The Gateway DX100X starts at the near rock-bottom price of $449 (after $100 rebate); our $801 review unit featured upgrades that included a 15-inch LCD and a double-layer DVD burner. The Intel Celeron-based DX100X can handle most mainstream applications, but it has serious expandability issues, giving it a shorter shelf life than a more flexible system such as the eMachines T6524. If you're looking for an entry-level PC for dorm or family room use, there are better options in the same general price range, including the Dell Dimension E510, which boasts a mainstream Pentium 4 processor and a TV tuner card. For budget buyers, we still recommend Gateway's own eMachines line; the $599 T6524 (no monitor) delivers the best bang for your budget buck, thanks to its AMD Athlon 64 3500+ CPU, 1GB of RAM, and expandability.
Entry-level PCs are often betrayed by cheap-looking cases, but the DX100X's silver-faced, black-accented tower looks sharp enough to fool onlookers into thinking it's a much pricier system. Plus, its BTX design results in whisper-quiet operation. Our main design complaint is with the front USB, microphone, and headphone ports: they're so deeply recessed that unless the tower is sitting at desk level, you'll have a hard time seeing and reaching them. Two USB 2.0 ports are on the front, with four in the rear, but there are no FireWire ports to be found.
Internal expansion is not the DX100X's strong suit. The optical and hard drives lack easy tool-free removal; you'll be reaching for the screwdriver set to add components to the two empty drive bays, one 3.5-inch and one 5.25-inch. If you want to add more RAM, you'll have to replace the existing pair of 256MB modules; the motherboard has just two DIMM sockets. There is a single free PCI slot and one x1 PCI Express slot, but no x16 PCI Express or AGP slots for adding a dedicated video card. Whether you like it or not, you're stuck with the onboard Intel GMA 900 graphics processor.

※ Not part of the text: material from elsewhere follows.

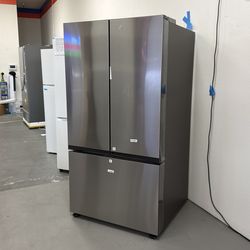 Samsung Bespoke 30.1 Cubic Feet French Door Refrigerator - Stainless Steel - Brand New, 1 Year Manufacturers Warranty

The Gateway DX100X delivered acceptable performance scores, despite its poky 2.93GHz Celeron D 341, which is an upgrade over the default 2.8GHz Celeron 336 chip. The similarly budget-minded HP Compaq Presario SR1620NX, with a 2.0GHz AMD Sempron 3400+, performed 7 percent faster on CNET Labs' SysMark 2004 benchmark, while the Shuttle XPC K6200h, with a marginally slower 2.8GHz Intel Celeron D 335, was 12 percent slower. In the same price range, our current budget recommendation, the eMachines T6524, blew past the DX100X with a SysMark 2004 score an astounding 29 percent faster.
Without a dedicated video card, the DX100X simply won't handle graphics-intensive games and applications. Video editing and Quake 4 definitely aren't on the menu for the integrated Intel GMA 900 GPU.
Even without games and video files eating up storage space, you might bump up against the DX100X's small 80GB hard drive. You can upgrade to a 160GB drive for just $50 extra, a worthwhile investment. Likewise, consider investing another $50 for Logitech's X-230 2.1 speaker system, which would be a major improvement over the muddy-sounding pair of Gateway speakers that ship standard with the DX100X.